Data shown:
◇ ◇ ◇ ◇ ◇
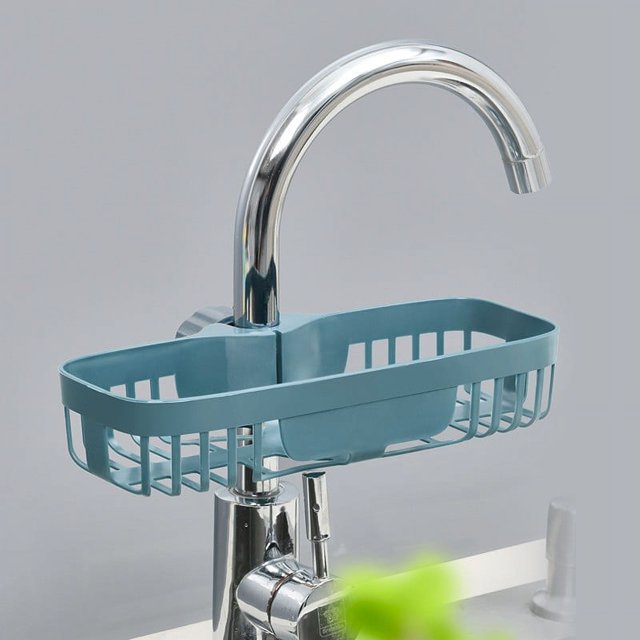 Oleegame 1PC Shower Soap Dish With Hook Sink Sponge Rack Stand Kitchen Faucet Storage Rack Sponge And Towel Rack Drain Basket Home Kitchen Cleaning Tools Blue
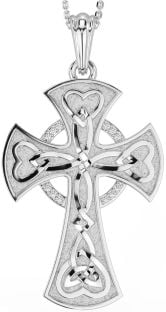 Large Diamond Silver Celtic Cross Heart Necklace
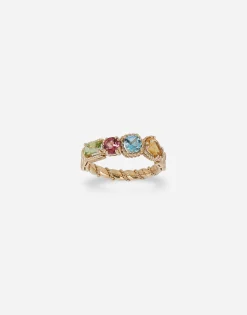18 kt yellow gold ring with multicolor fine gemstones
◇ ◇ ◇ ◇ ◇
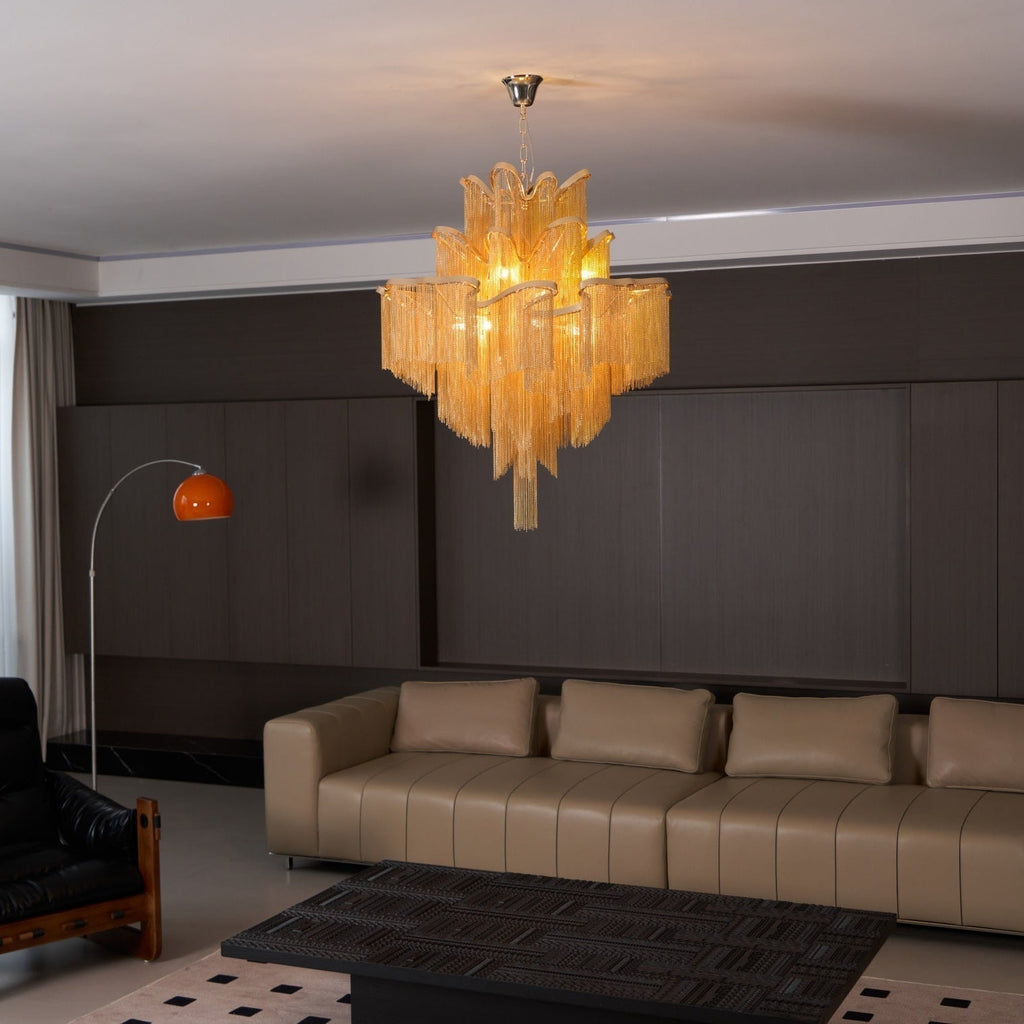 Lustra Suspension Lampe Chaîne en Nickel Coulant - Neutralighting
◇ ◇ ◇ ◇ ◇
Directions: Exactly reproduce the lines above, starting at the one that contains "Oleegame 1PC Shower" and ending at the one that contains "18 kt yellow", both inclusive; leave the pictures out and add no other lines.

Finished exercise:
 Oleegame 1PC Shower Soap Dish With Hook Sink Sponge Rack Stand Kitchen Faucet Storage Rack Sponge And Towel Rack Drain Basket Home Kitchen Cleaning Tools Blue
 Large Diamond Silver Celtic Cross Heart Necklace
18 kt yellow gold ring with multicolor fine gemstones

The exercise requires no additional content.